[Start of Attachment]

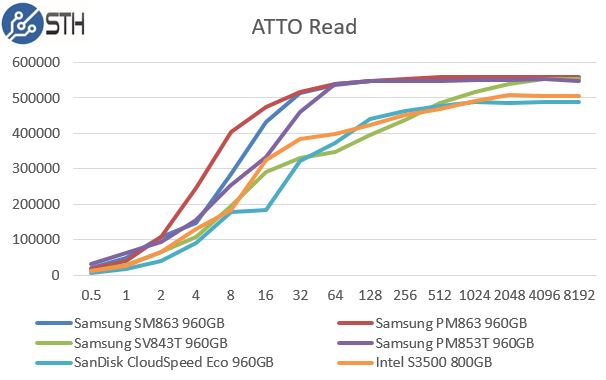 Samsung PM863 and SM863 960GB - ATTO Read Benchmark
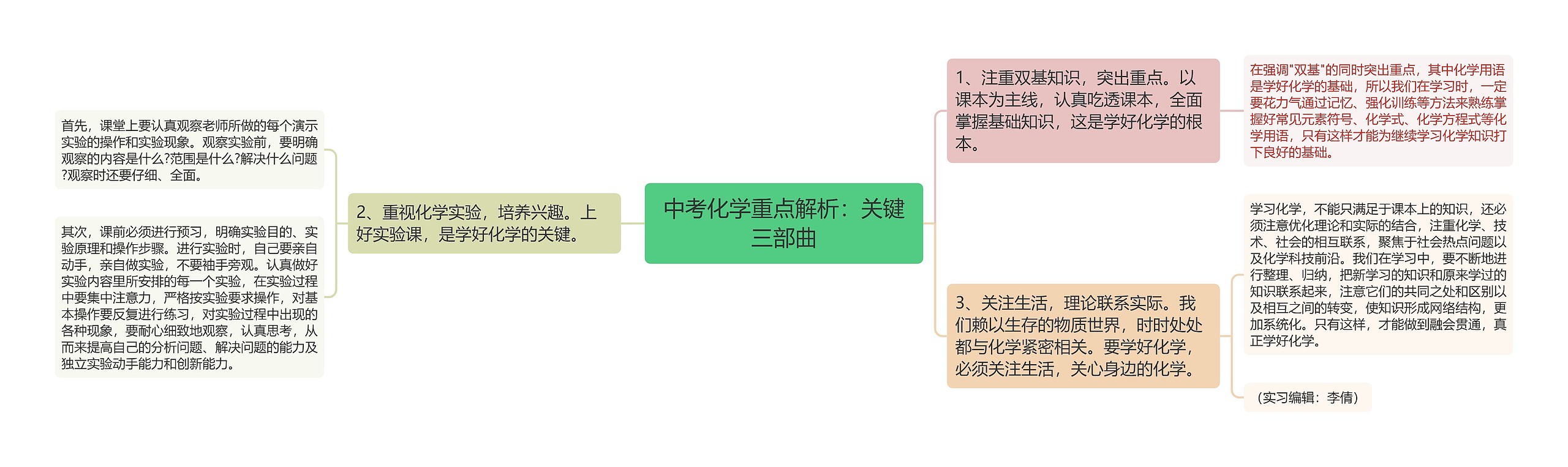 中考化学重点解析：关键三部曲思维导图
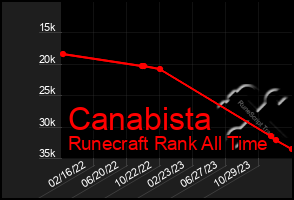 Total Graph of Canabista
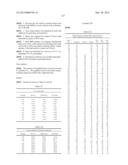 Aminopyrimidine Kinase Inhibitors diagram and image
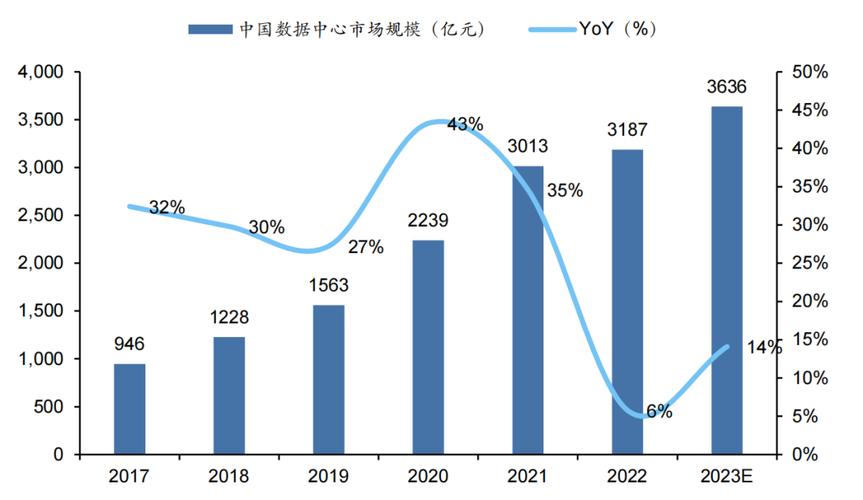 大数据分析市场(大数据分析市场报告)-第1张图片-华田资讯 大数据分析市场(大数据分析市场报告)-第1张图片-华田资讯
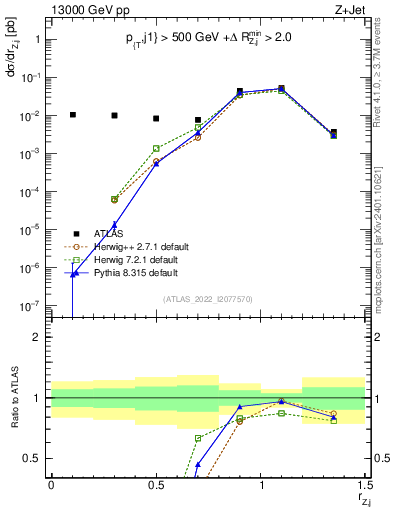 Plot of z.pt_j.pt in 13000 GeV pp collisions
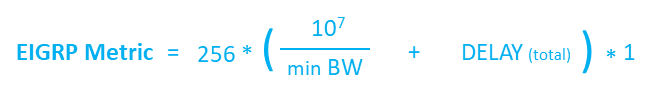 enhanced-interior-gateway-routing-protocol-metric-formula-2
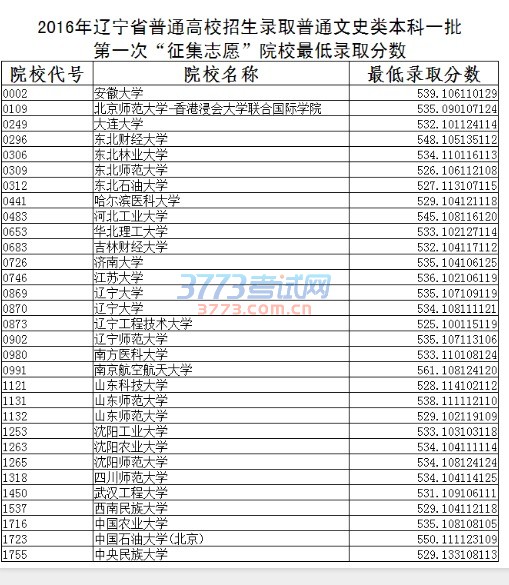 2016年辽宁省普通高校招生录取普通类本科一批第一次“征集志愿”院校录取最低分数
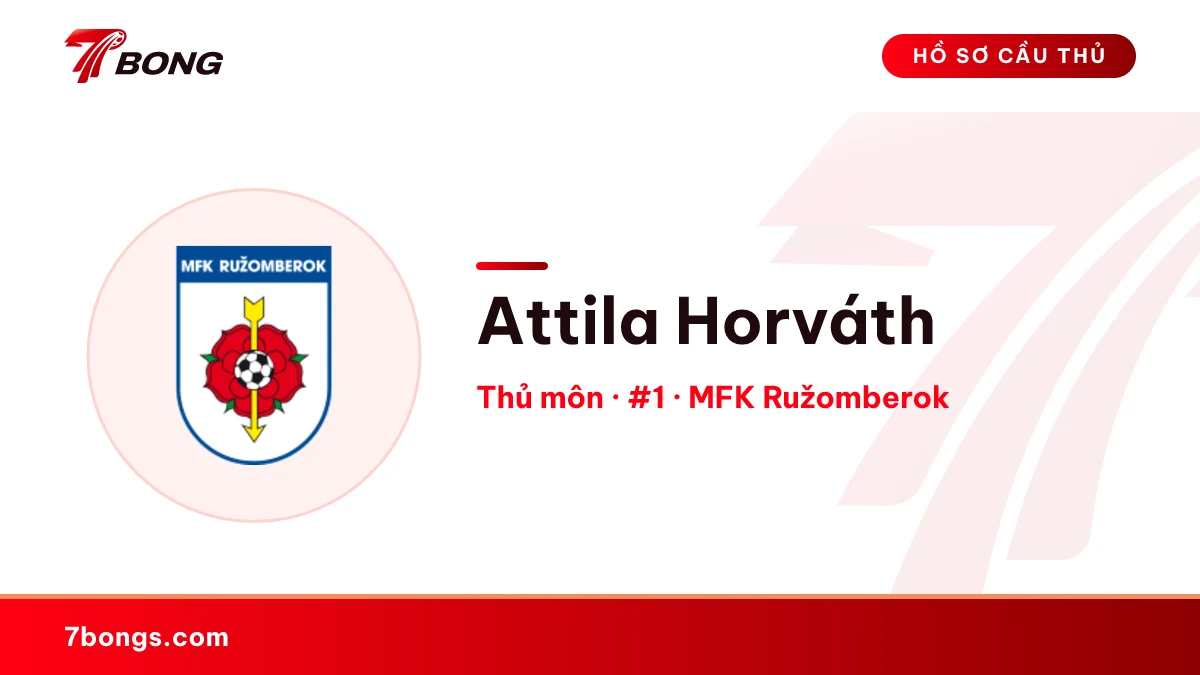 Attila Horváth — MFK Ružomberok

[End of Attachment]

» ACTIVITY:
After removing each picture, print the entries above exactly as they were.

» TASK SOLUTION:
 Samsung PM863 and SM863 960GB - ATTO Read Benchmark
 中考化学重点解析：关键三部曲思维导图
 Total Graph of Canabista
 Aminopyrimidine Kinase Inhibitors diagram and image
 大数据分析市场(大数据分析市场报告)-第1张图片-华田资讯 大数据分析市场(大数据分析市场报告)-第1张图片-华田资讯
 Plot of z.pt_j.pt in 13000 GeV pp collisions
 enhanced-interior-gateway-routing-protocol-metric-formula-2
 2016年辽宁省普通高校招生录取普通类本科一批第一次“征集志愿”院校录取最低分数
 Attila Horváth — MFK Ružomberok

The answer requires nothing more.